*Ümit Kıvanç
Acaba neye gülüyorlardı? Neydi bu adamları böylesine kendilerinden geçiren?
Takım elbiseleriyle zevkin doruklarına tırmanmış, oradan hazzın derinliklerine atlamak üzereydiler.
“Nasıl kandırdık ama, nasıl geçirdik! Ha ha ha ha haa!..”
“Nasıl yıktık patlattık ama, nasıl geberttik! Ho ho ho ho hoo!..”
Böyle midir aşağı yukarı? Yoksa şöyle midir: “Nasıl saldırdık ama, nasıl bindik tepelerine! Heh heh heh!”

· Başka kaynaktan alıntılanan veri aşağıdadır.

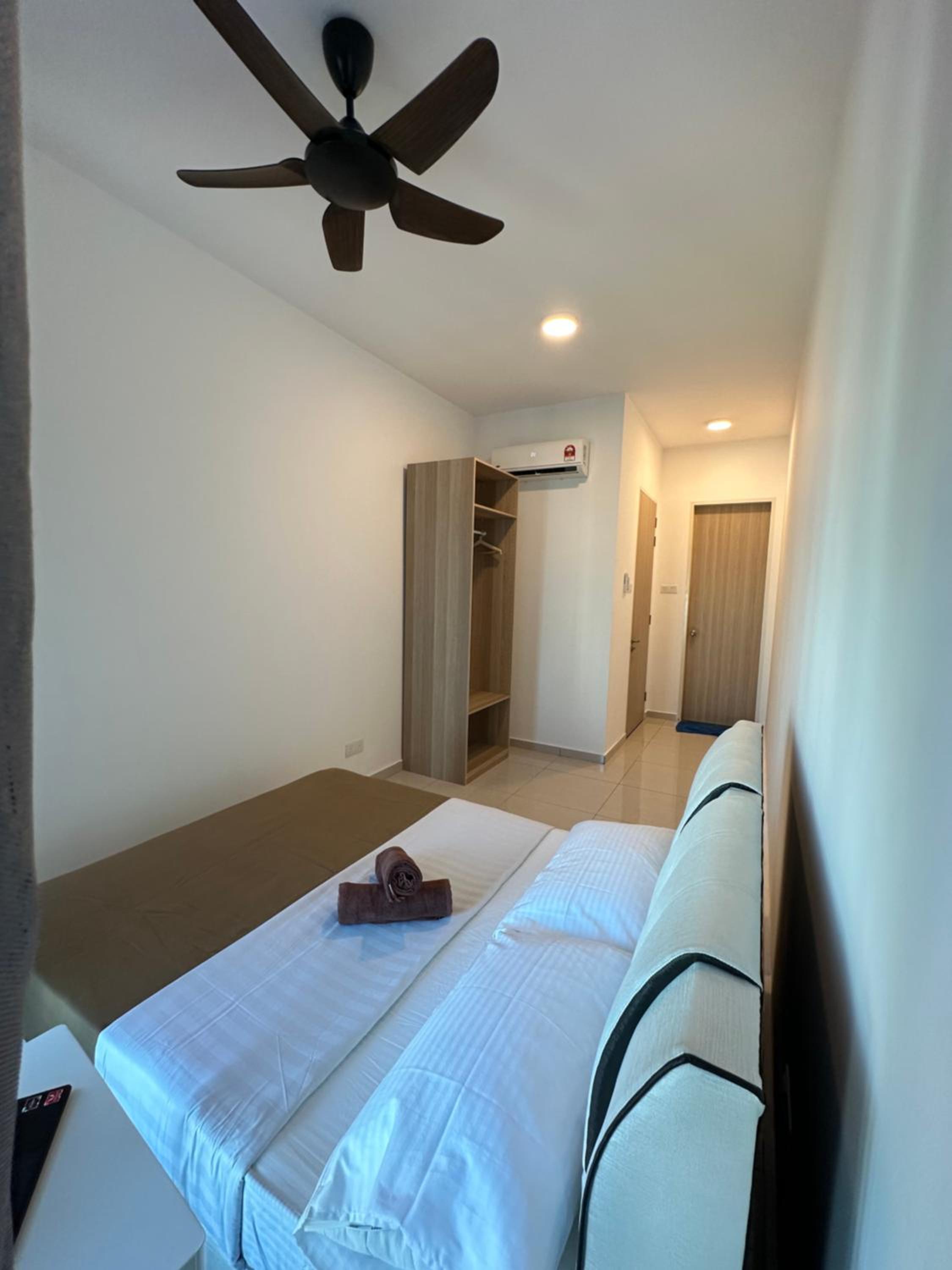 KLCC Kampung Baru Cottage - Homestay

Nasıl geberttik ama! Ha ha ha! Çocuğun ölüsünü buzdolabında saklamışlar. Kah kah kah kah kah!.. Ana karnındaki veledi bile vurduk! Heh heh heh heh! Kadının cesedini nasıl serdik yolun ortasına bir hafta! Haayy hah hah hah! Apartmanları yerle bir ettik, bodrumları toplu mezara çevirdik, yatak odalarına girip rujla aynalarına resim yaptık, okullarının tahtalarına üç hilal çizdik, delik deşik duvarlarına “itaat” yazdık, kah kah, ilahi, hah hah! Anaların göz pınarları kurudu, çocuklarda gözyaşı kalmadı, haaah haah hah!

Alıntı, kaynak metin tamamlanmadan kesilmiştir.